# Performing Schema Upgrades in Galera Cluster

Performing schema changes (i.e., Data Definition Language or DDL statements like `ALTER TABLE`, `CREATE INDEX`) in a MariaDB Galera Cluster requires special handling. Because Galera is a [multi-primary cluster](https://mariadb.com/docs/galera-cluster/galera-architecture/introduction-to-galera-architecture) where all nodes must remain in sync, a schema change on one [node](https://mariadb.com/docs/galera-cluster/high-availability/monitoring-mariadb-galera-cluster#checking-individual-node-status) must be safely replicated to all other nodes without causing inconsistencies or blocking the entire cluster for an extended period.

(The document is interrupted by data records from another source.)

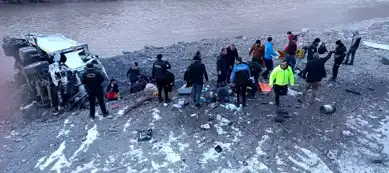 Hakkari'de Çöp Kamyonu Zap Suyu'na Düştü: 3 Yaralı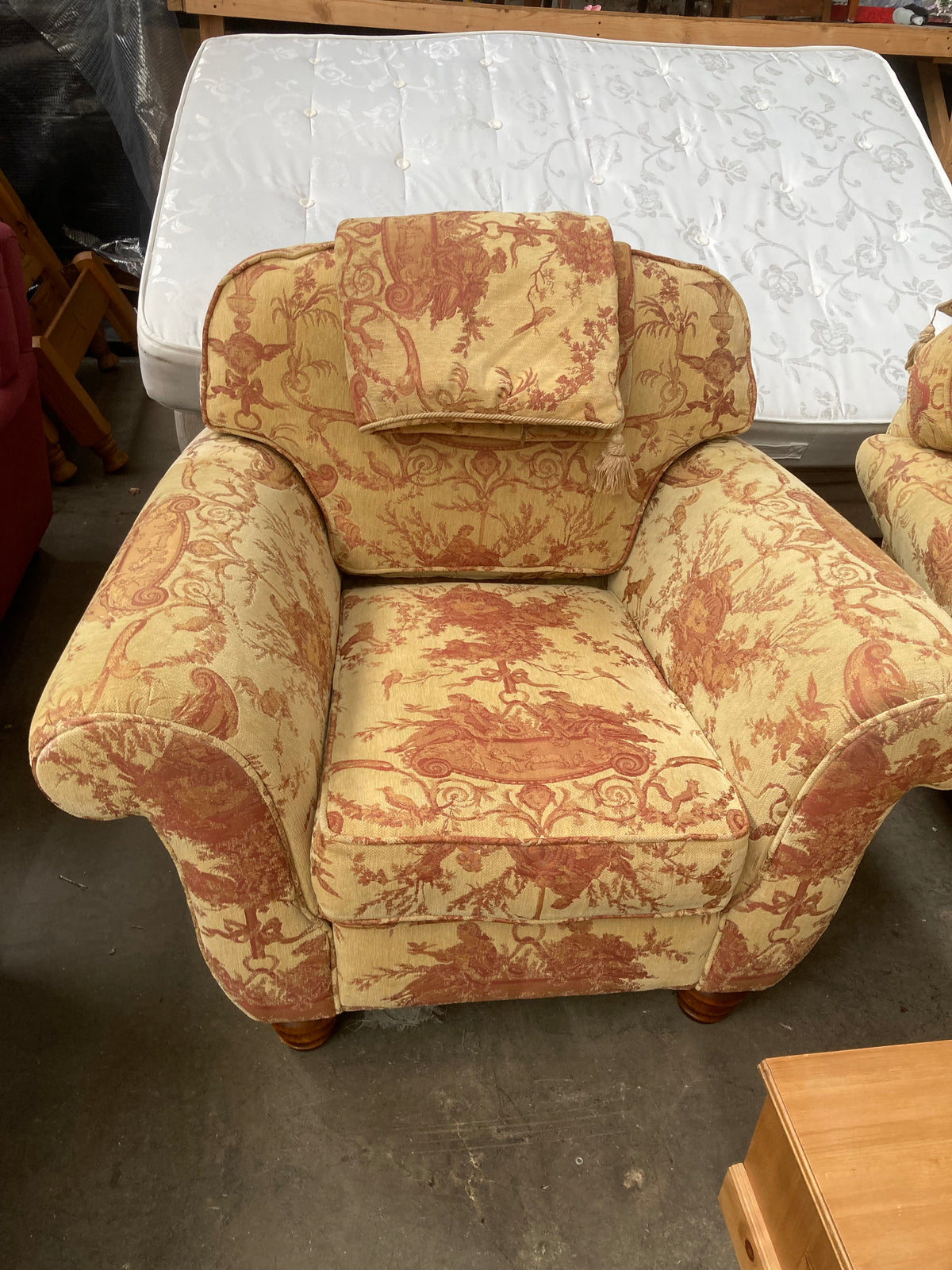 A beautiful, high-quality **Peter Guild – Makers of Fine Upholstery** 3-piece suite,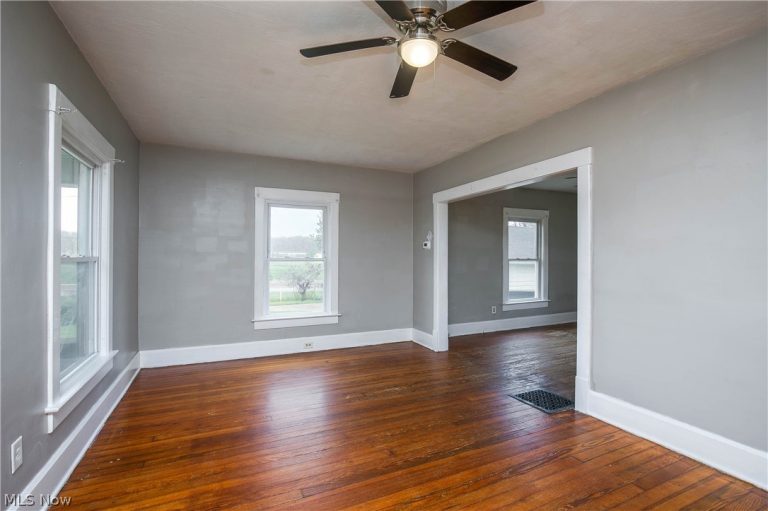 2 Ohio Avenue, Massillon, OH - Photo 5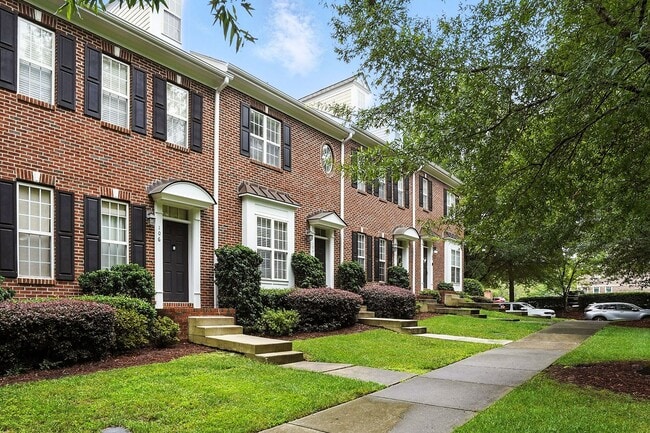 Building Photo - AVAILABLE NOW! BEAUTIFUL BRICK FRONT TOWNH...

MariaDB Galera Cluster provides two methods for handling schema upgrades:

| Method                                     | Description                                                                                                                                                                                              |
| ------------------------------------------ | -------------------------------------------------------------------------------------------------------------------------------------------------------------------------------------------------------- |
| Total Order Isolation (TOI)                | Default and safest method. The DDL statement is replicated to all nodes, blocking the entire cluster until all preceding transactions complete.                                                          |
| Rolling Schema Upgrade (RSU)               | Advanced, non-blocking method. The DDL is executed on the local node, with changes applied manually to each node in sequence, keeping the cluster online.                                                |
| Non-Blocking Operations (NBO)<sup>\*</sup> | Enterprise grade non-blocking method. The DDL replicates to all nodes in total order, using an efficient locking strategy that only blocks the specific table being altered, keeping the cluster online. |

{% hint style="info" %} <sup>\*Only available for MariaDB Enterprise Server</sup>&#x20;
{% endhint %}

The method used is controlled by the `wsrep_OSU_method` [session variable](https://mariadb.com/docs/galera-cluster/reference/galera-cluster-system-variables#wsrep_osu_method).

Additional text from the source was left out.